_Work to be completed_
What you return must match the listing below character for character, minus any pictures.

_Source records_
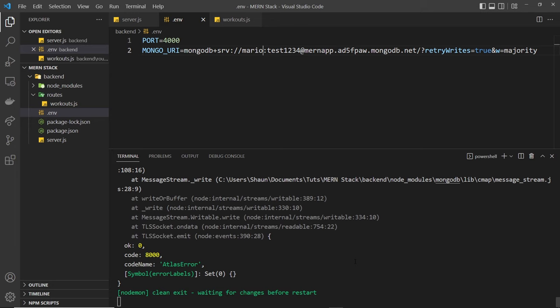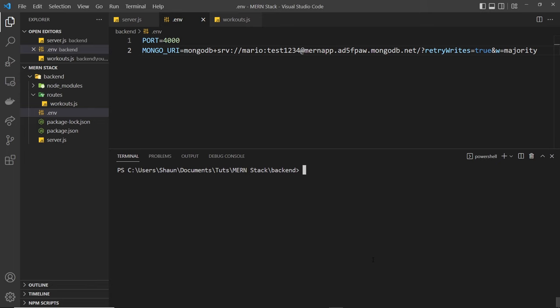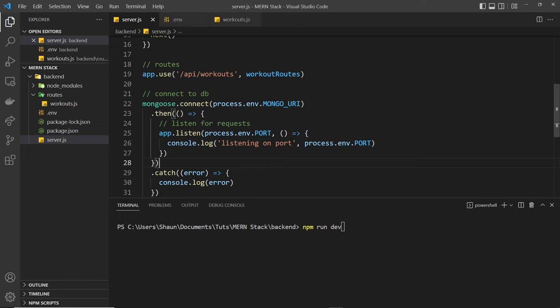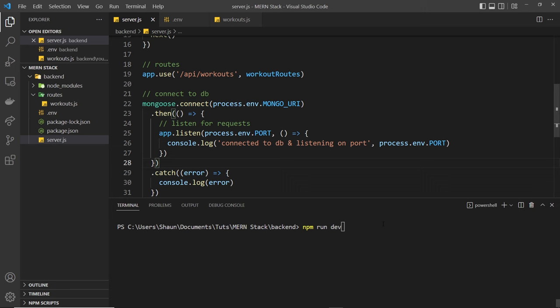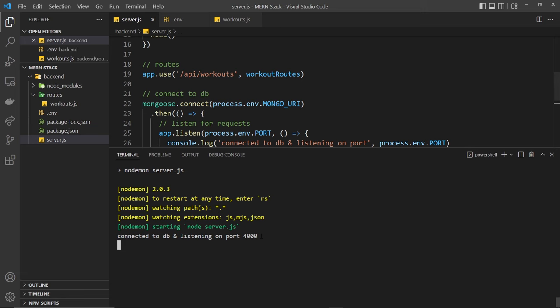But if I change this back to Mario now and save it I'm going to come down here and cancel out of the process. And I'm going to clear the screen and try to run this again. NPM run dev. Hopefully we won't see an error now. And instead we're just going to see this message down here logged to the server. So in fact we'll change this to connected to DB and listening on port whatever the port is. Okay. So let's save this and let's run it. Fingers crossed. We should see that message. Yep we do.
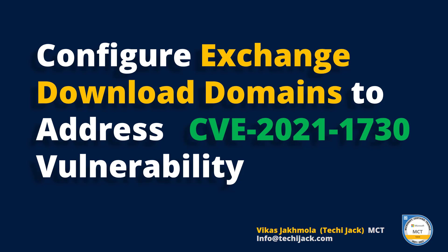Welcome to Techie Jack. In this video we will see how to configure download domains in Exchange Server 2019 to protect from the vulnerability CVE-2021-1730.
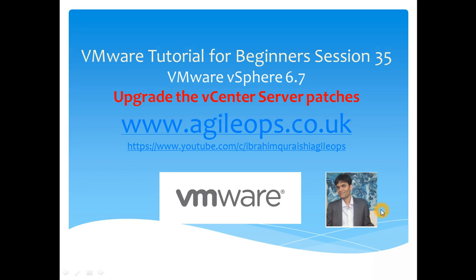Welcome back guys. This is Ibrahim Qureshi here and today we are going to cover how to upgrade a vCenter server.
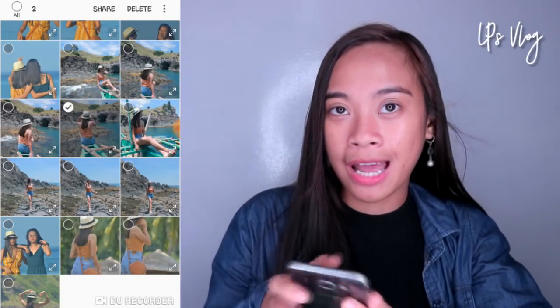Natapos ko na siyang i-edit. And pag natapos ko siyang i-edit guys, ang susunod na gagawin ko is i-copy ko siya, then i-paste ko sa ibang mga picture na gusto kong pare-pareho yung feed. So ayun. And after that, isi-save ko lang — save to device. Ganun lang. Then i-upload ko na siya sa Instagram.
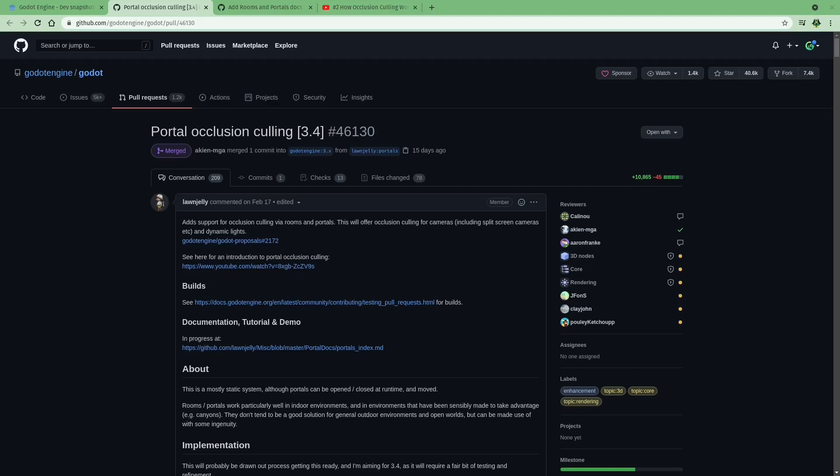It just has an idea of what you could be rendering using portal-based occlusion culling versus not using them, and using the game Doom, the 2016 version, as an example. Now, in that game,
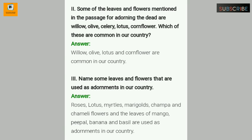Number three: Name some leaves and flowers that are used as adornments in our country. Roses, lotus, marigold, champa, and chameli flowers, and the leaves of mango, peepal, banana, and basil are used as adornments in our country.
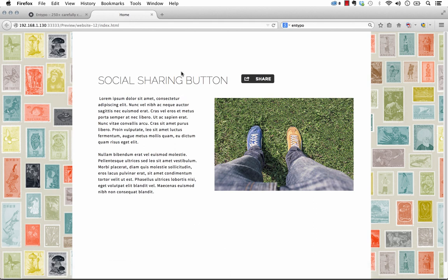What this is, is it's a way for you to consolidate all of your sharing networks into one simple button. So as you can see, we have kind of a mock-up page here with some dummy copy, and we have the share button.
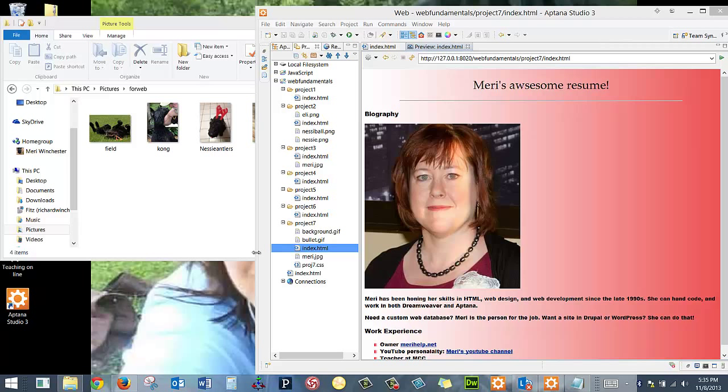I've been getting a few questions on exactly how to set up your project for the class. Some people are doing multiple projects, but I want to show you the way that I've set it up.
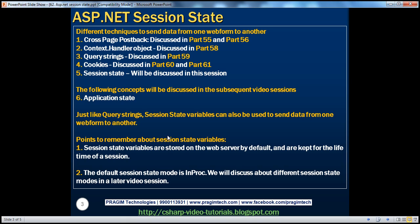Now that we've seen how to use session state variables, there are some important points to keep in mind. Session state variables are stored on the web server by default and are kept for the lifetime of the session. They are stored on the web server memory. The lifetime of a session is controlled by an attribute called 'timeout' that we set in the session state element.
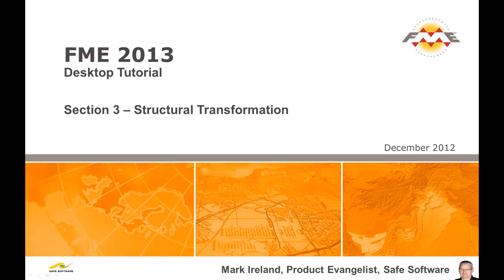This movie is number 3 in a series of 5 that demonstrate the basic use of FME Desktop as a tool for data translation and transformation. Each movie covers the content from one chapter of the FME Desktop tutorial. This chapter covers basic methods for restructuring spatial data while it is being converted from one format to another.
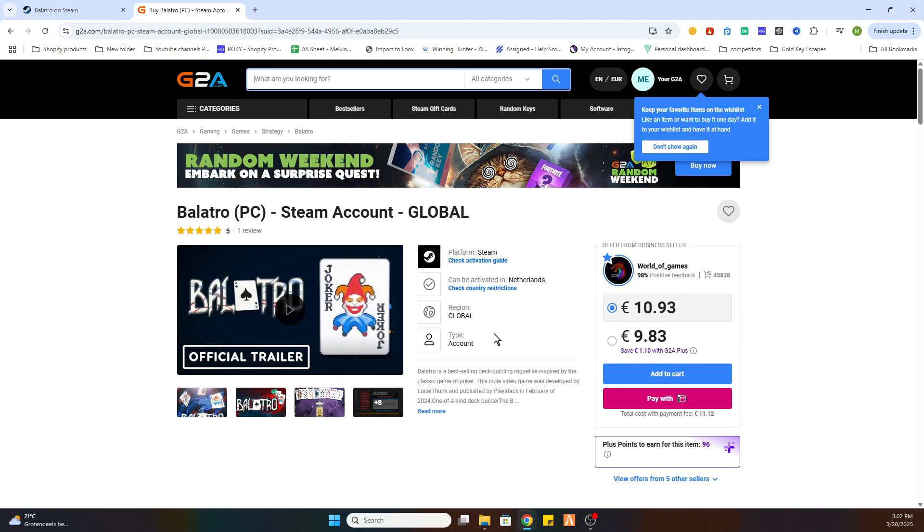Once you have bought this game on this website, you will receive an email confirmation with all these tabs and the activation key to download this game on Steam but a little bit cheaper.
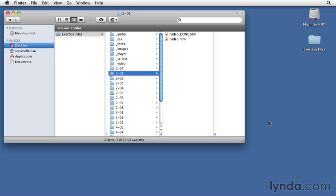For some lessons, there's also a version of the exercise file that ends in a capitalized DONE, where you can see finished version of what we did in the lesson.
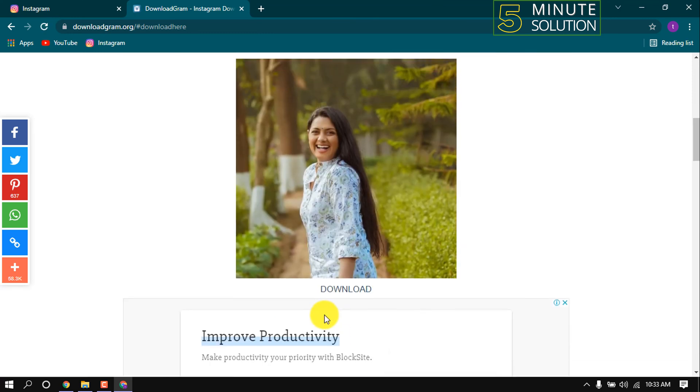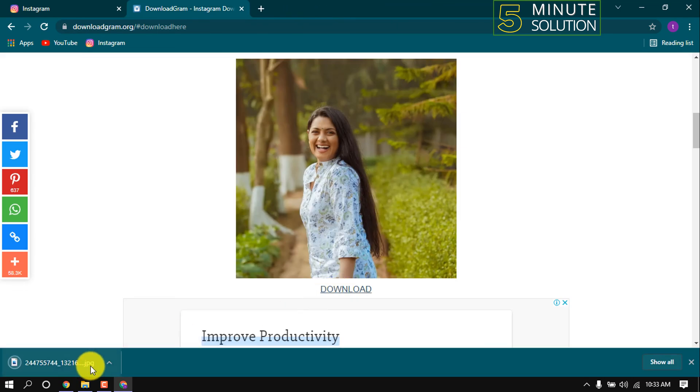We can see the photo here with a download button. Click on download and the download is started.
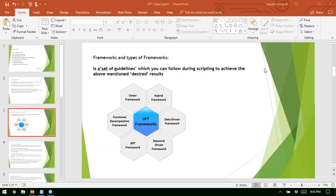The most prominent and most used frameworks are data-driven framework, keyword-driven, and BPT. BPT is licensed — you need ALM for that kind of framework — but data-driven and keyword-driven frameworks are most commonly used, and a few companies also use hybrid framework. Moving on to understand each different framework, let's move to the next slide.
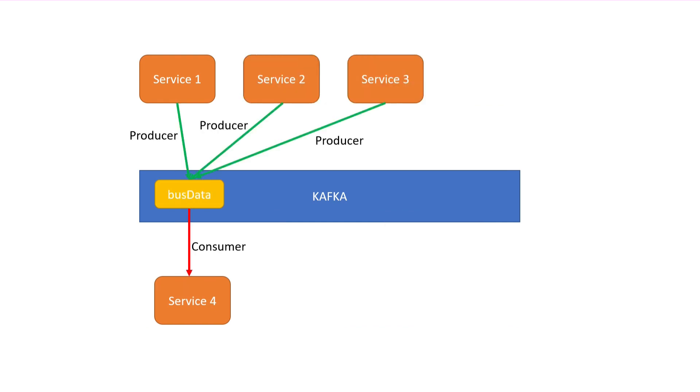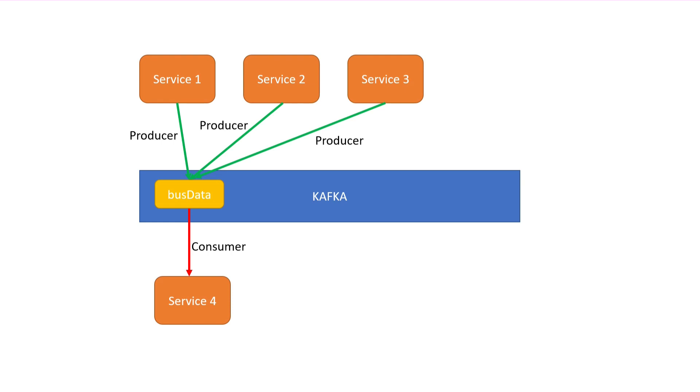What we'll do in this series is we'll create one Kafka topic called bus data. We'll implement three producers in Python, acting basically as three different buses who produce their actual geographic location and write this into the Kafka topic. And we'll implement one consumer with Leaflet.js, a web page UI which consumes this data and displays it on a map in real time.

_Answer to this exercise_
But if I change this back to Mario now and save it I'm going to come down here and cancel out of the process. And I'm going to clear the screen and try to run this again. NPM run dev. Hopefully we won't see an error now. And instead we're just going to see this message down here logged to the server. So in fact we'll change this to connected to DB and listening on port whatever the port is. Okay. So let's save this and let's run it. Fingers crossed. We should see that message. Yep we do.
Welcome to Techie Jack. In this video we will see how to configure download domains in Exchange Server 2019 to protect from the vulnerability CVE-2021-1730.
Welcome back guys. This is Ibrahim Qureshi here and today we are going to cover how to upgrade a vCenter server.
Natapos ko na siyang i-edit. And pag natapos ko siyang i-edit guys, ang susunod na gagawin ko is i-copy ko siya, then i-paste ko sa ibang mga picture na gusto kong pare-pareho yung feed. So ayun. And after that, isi-save ko lang — save to device. Ganun lang. Then i-upload ko na siya sa Instagram.
It just has an idea of what you could be rendering using portal-based occlusion culling versus not using them, and using the game Doom, the 2016 version, as an example. Now, in that game,
Number three: Name some leaves and flowers that are used as adornments in our country. Roses, lotus, marigold, champa, and chameli flowers, and the leaves of mango, peepal, banana, and basil are used as adornments in our country.
What this is, is it's a way for you to consolidate all of your sharing networks into one simple button. So as you can see, we have kind of a mock-up page here with some dummy copy, and we have the share button.
I've been getting a few questions on exactly how to set up your project for the class. Some people are doing multiple projects, but I want to show you the way that I've set it up.
Now that we've seen how to use session state variables, there are some important points to keep in mind. Session state variables are stored on the web server by default and are kept for the lifetime of the session. They are stored on the web server memory. The lifetime of a session is controlled by an attribute called 'timeout' that we set in the session state element.
This movie is number 3 in a series of 5 that demonstrate the basic use of FME Desktop as a tool for data translation and transformation. Each movie covers the content from one chapter of the FME Desktop tutorial. This chapter covers basic methods for restructuring spatial data while it is being converted from one format to another.
Once you have bought this game on this website, you will receive an email confirmation with all these tabs and the activation key to download this game on Steam but a little bit cheaper.
For some lessons, there's also a version of the exercise file that ends in a capitalized DONE, where you can see finished version of what we did in the lesson.
We can see the photo here with a download button. Click on download and the download is started.
The most prominent and most used frameworks are data-driven framework, keyword-driven, and BPT. BPT is licensed — you need ALM for that kind of framework — but data-driven and keyword-driven frameworks are most commonly used, and a few companies also use hybrid framework. Moving on to understand each different framework, let's move to the next slide.
What we'll do in this series is we'll create one Kafka topic called bus data. We'll implement three producers in Python, acting basically as three different buses who produce their actual geographic location and write this into the Kafka topic. And we'll implement one consumer with Leaflet.js, a web page UI which consumes this data and displays it on a map in real time.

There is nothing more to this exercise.